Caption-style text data
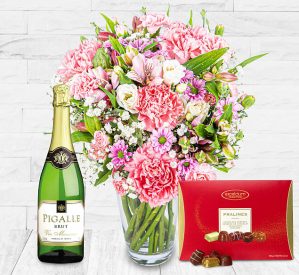 123 Flowers Classic Pretty & Pink Deluxe Gift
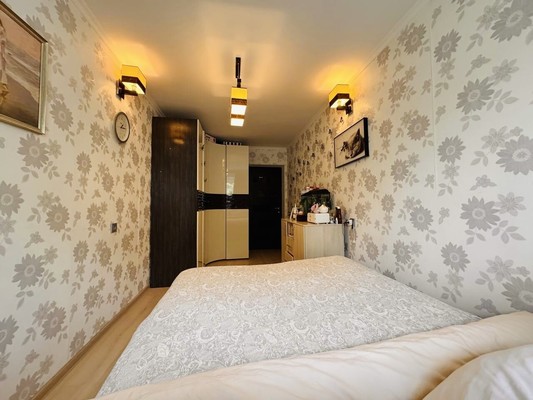 Продам трехкомнатную (3-комн.) квартиру, Кирова пр-кт, 14а, Симферополь г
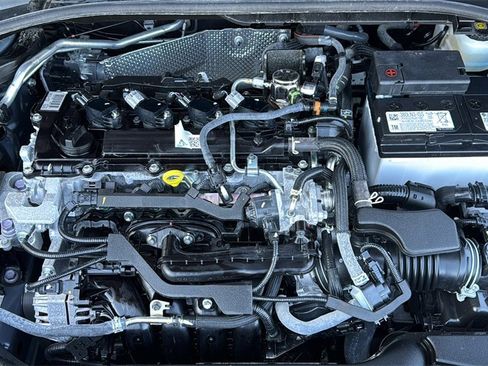 Used 2025 Toyota Corolla Cross L image 28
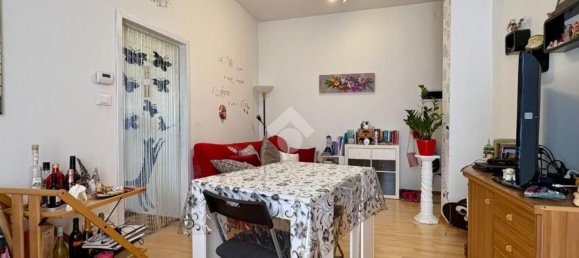 Квартира с 2 комнатами в Будрио, Италия № 202989 20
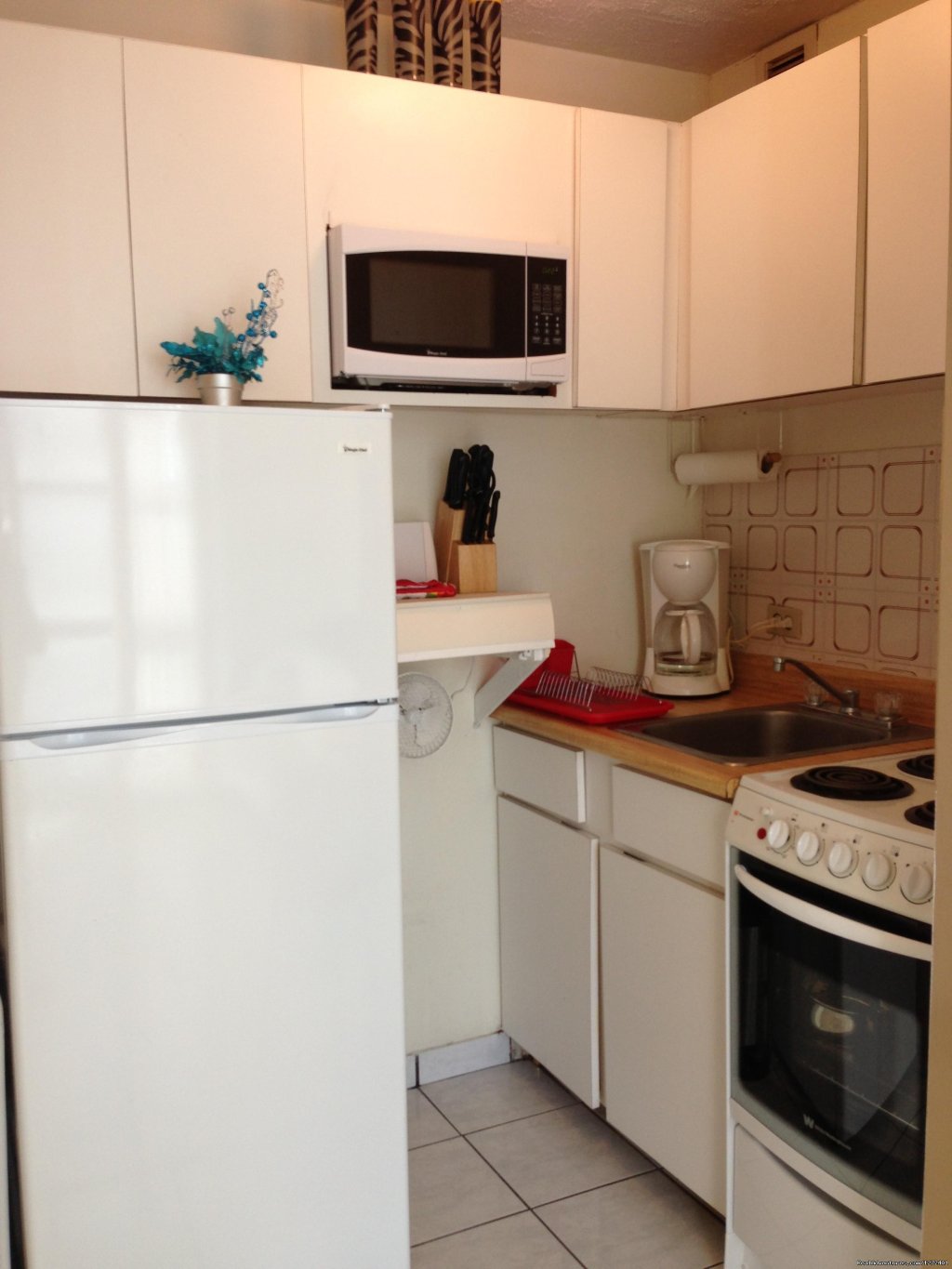 Kitchen | Studio Apt. In Condado on Ashford Ave  Puerto Rico | Image #3/10 |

_Problem to solve_
Exact copy, pictures omitted: every line from the one holding "Квартира с 2" through the last line of the data above, and nothing else.

_Reply_
 Квартира с 2 комнатами в Будрио, Италия № 202989 20
 Kitchen | Studio Apt. In Condado on Ashford Ave  Puerto Rico | Image #3/10 |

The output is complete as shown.